Blocking or cutting the ophthalmic nerve of pigeons prevented them from detecting large magnetic anamolies during discrimination experiments (Mora et al., 2004). In these experiments the artificial magnetic fields were several times the strength of the natural Geomagnetic field. To date there is no published documentation of units in the pigeon trigeminal nervous system that respond to changes in magnetic stimuli. However, candidate magnetic sensitive structures have been reported from the ethmoidal region, which receives enervation by the ophthalmic nerve (Fleissner et al., 2003; Walcott and Walcott, 1982; Williams and Wild, 2001).

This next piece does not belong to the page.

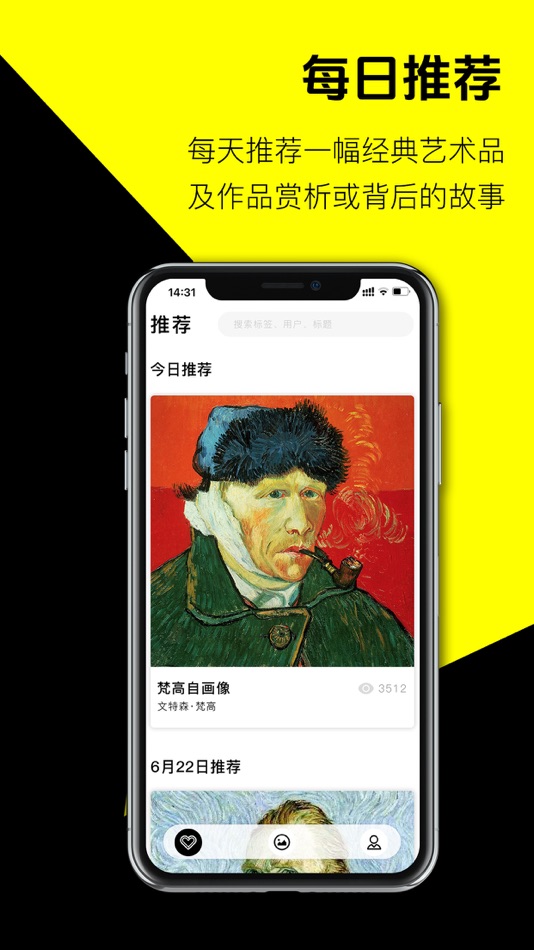 #2. 画咖艺术 (iOS) 由: 孝鑫 仪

Single domain magnetite has been reported for the pigeon (Walcott et al., 1979) and the Bobolink (Beason and Brennan, 1986) and superparamagnetic magnetite (SPM) has reported for the pigeon (Fleissner et al., 2003; Hanzlik et al., 2000). The use of single domain magnetite is consistent with the results of the pulse magnetization experiments. Because it posses a permanent magnetic moment magnetization could reverse the alignment of the particle's magnetic moment. A particle attached to a membrane or cilia would move in response to changes in the external magnetic field. Such movement would be conducted to the cell membrane, opening or closing ion channels (Kirschvink and Gould, 1981; Semm and Beason, 1990). Remagnetization would produce different responses from the receptor than before treatment. Superparamagnetic particles, on the other hand, would use a different mechanism because the magnetic moments are not permanent, they orient with the external field. One theoretical mechanism has been proposed based on several SPM particles contained within a capsule-like structure (Shcherbakov and Winklhofer, 1999). The size of the capsules would change as the orientation of the surrounding magnetic field changes. The proposed structures closely resemble those reported in association with nervous fibers in the pigeon (Fleissner et al., 2003).

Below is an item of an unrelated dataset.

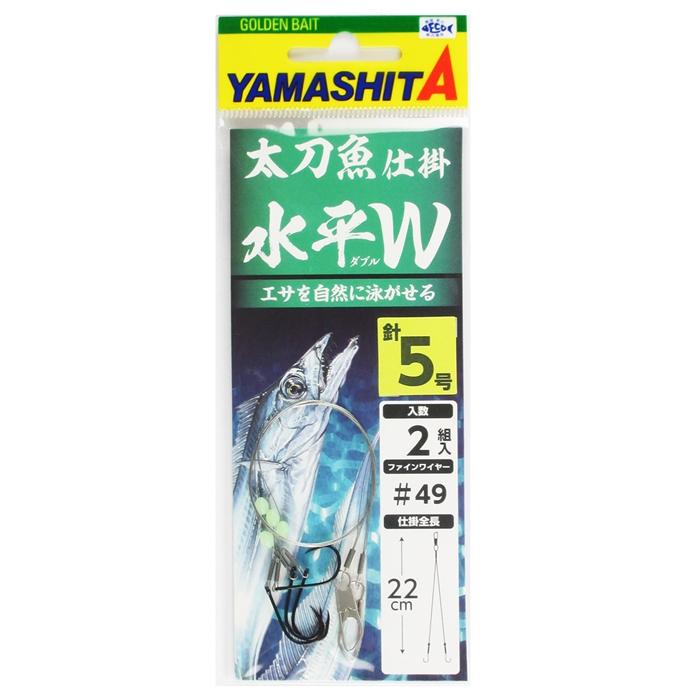 ☆Mantaさま専用 MANTA illustration by Freng 1/7 完成品フィギュア[OMH]《発売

The theoretical sensitivity of a receptor based on single domain magnetite is sufficient to account for both the behavioral and physiological sensitivities observed in pigeons and migratory birds (Yorke, 1979, 1981; Kirschvink and Gould, 1981). The sensitivity of a SPM magnetite-based receptor appears to be adequate to measure the intensity for a compass mechanism (Shcherbakov and Winklhofer, 1999; Hanzlich et al., 2000) but not for a magnetic map receptor.